DOS EMPREGADOS DO TRIBUNAL

     Art. 40. Para o expediente do Tribunal haverá um Secretario, que será formado em direito, podendo ser; um Thesoureiro, que servirá de Porteiro; e dous Continuos com a denominação de primeiro e segundo. 

    Art. 41. O Secretario escreverá em todos os processos, e diligencias do Tribunal vencendo unicamente o ordenado de 2:000$000. Os emolumentos, que deveria receber, serão recolhidos ao cofre do Tribunal. 

    Art. 42. Haverá um Official de Secretaria com o ordenado de 1:000$000; o qual servirá nos impedimentos repentinos do Secretario. 

    Art. 43. O Thesoureiro, que é tambem Porteiro, terá a seu cuidado a guarda, limpeza, e asseio da casa do Tribunal, todos os utensilios, e tudo quanto ahi fôr arrecadado, terá o ordenado de 800$000, não percebendo mais cousa alguma, nem como Thesoureiro, nem para as despezas do asseio da casa. 

    Art. 44. Os Continuos farão o serviço por semana, e um no impedimento de outro, quando acontecer, ainda que não seja da sua semana. Aquelle, a quem tocar, estará sempre prompto junto ao Porteiro nos dias de Tribunal, para executar tudo o que lhe fôr ordenado á bem do serviço. Os Continuos servirão de Ajudantes do Porteiro nos impedimentos deste; e terão de ordenado 400$000. 

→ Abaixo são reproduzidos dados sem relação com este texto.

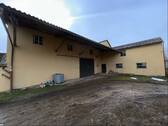 Hof zwischen Scheune und Maschinenhalle - Bauernhaus, Landhaus mit 134,20 m&sup2; in Leutershausen zum Kaufen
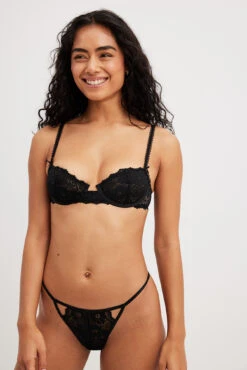 Lace Wire Bra 13 Lace Wire Bra -Na-Kd lace wire bra 1013 001293 0002 1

    Art. 45. Todas as despezas miudas do Tribunal, como são papel, pennas, tinta, arêa, lacre, obrêas, nastro, ou fitilho, serão pagas pelo cofre dos emolumentos, em folha, que formará o Thesoureiro todos os mezes, assignada pelo Presidente. 

    Art. 46. As entradas dos emolumentos para o cofre serão lançadas em livro de receita proprio, e serão recenseadas de seis em seis mezes por um dos membros do Tribunal, que por nomeação do mesmo servirá de Juiz das despezas. 

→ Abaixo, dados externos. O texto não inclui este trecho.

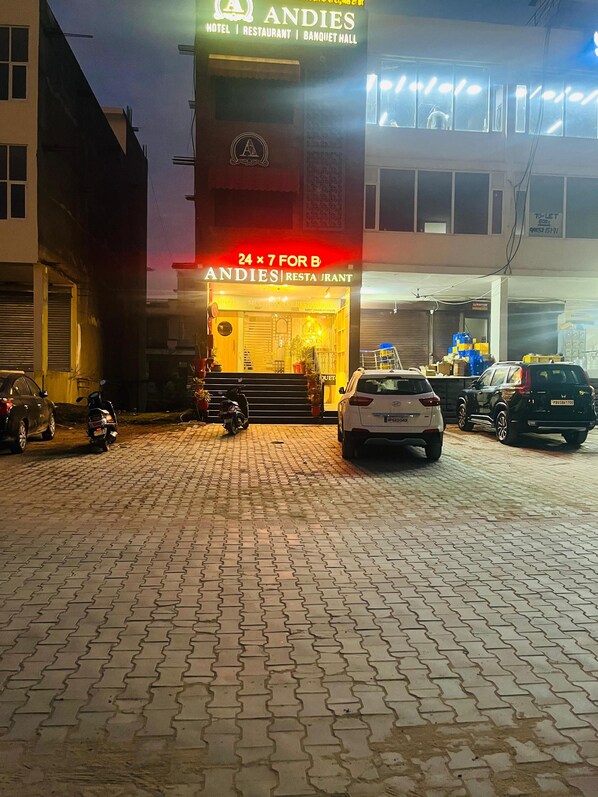 Exterior - Andies Hotel (Kharar)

    Art. 47. Ficam revogadas todas as leis, alvarás, decretos e resoluções em contrario. 

    Mandamos portanto a todas as autoridades, a quem o conhecimento, e execução da referida Lei pertencer, que a cumpram, e façam cumprir e guardar tão inteiramente como nella se contém. O Secretario de Estado dos Negocios da Justiça a faça imprimir, publicar e correr.

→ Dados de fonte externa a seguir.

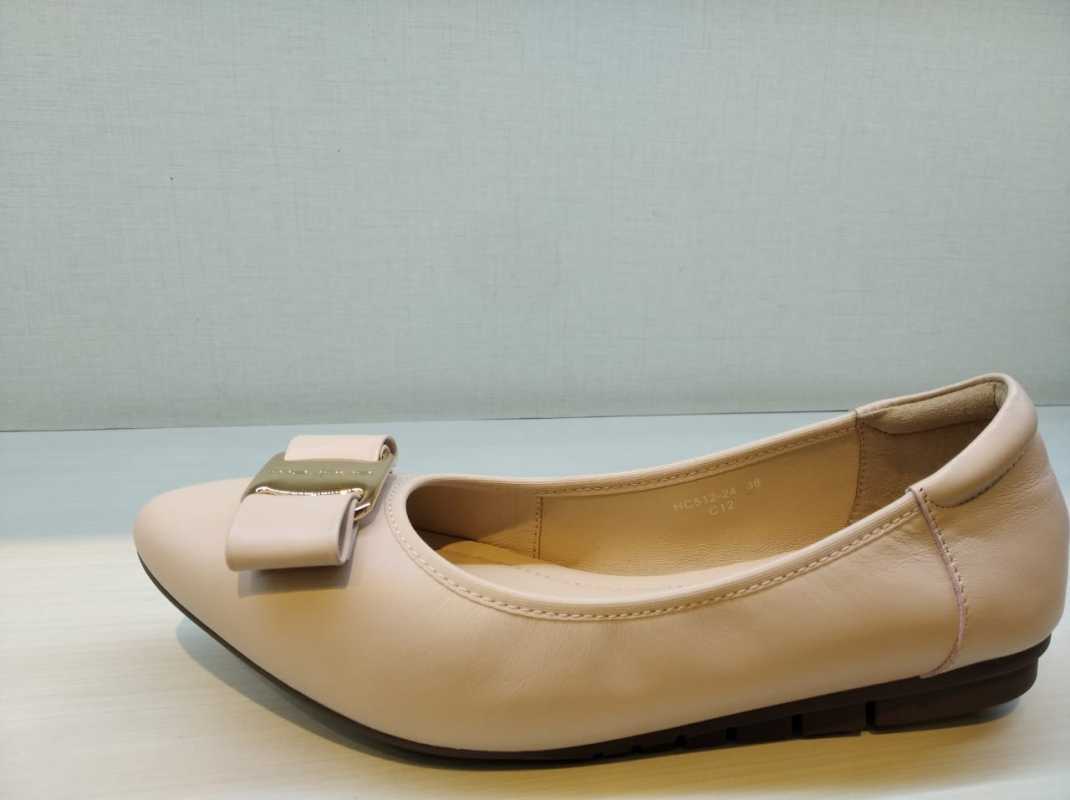 Sepatu flat clearance branded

      Dada no Palacio do Rio de Janeiro aos 18 de Setembro de 1828, 7º da Independencia, e do Imperio.

IMPERADOR com guarda. 
L. S.

José Clemente Pereira.

Este texto não substitui o publicado na CLBR, de 1828

     Carta de Lei, pela qual Vossa Magestade Imperial Manda executar o Decreto da Assembléa Geral, que houve por bem sanccionar, sobre a creação do Supremo Tribunal de Justiça; numero dos Ministros, de que deve ser composto; suas attribuições, e negocios, que ao mesmo Tribunal ficam competindo, tudo na fórma acima declarada.

Para Vossa Magestade Imperial ver. 
Antonio Alvares de Miranda Varejão a fez.

     Registrada nesta Secretaria de Estado dos Negocios da Justiça a fl. 10 do L. 1º de leis. Rio de Janeiro em 8 do Outubro de 1828. - João José da Motta.

Monsenhor Miranda.

     Foi publicada esta Carta de Lei nesta Chancellaria-mór do Imperio do Brazil. Rio de Janeiro, 9 de Outubro de 1828. - Francisco Xavier Rapozo de Albuquerque. 
     Registrada na Chancellaria-mór do Imperio do Brazil a fl. 136 do L. 1º de cartas, leis e alvarás. Rio de Janeiro, 9 de Outubro de 1828. - Manoel de Azevedo Marques.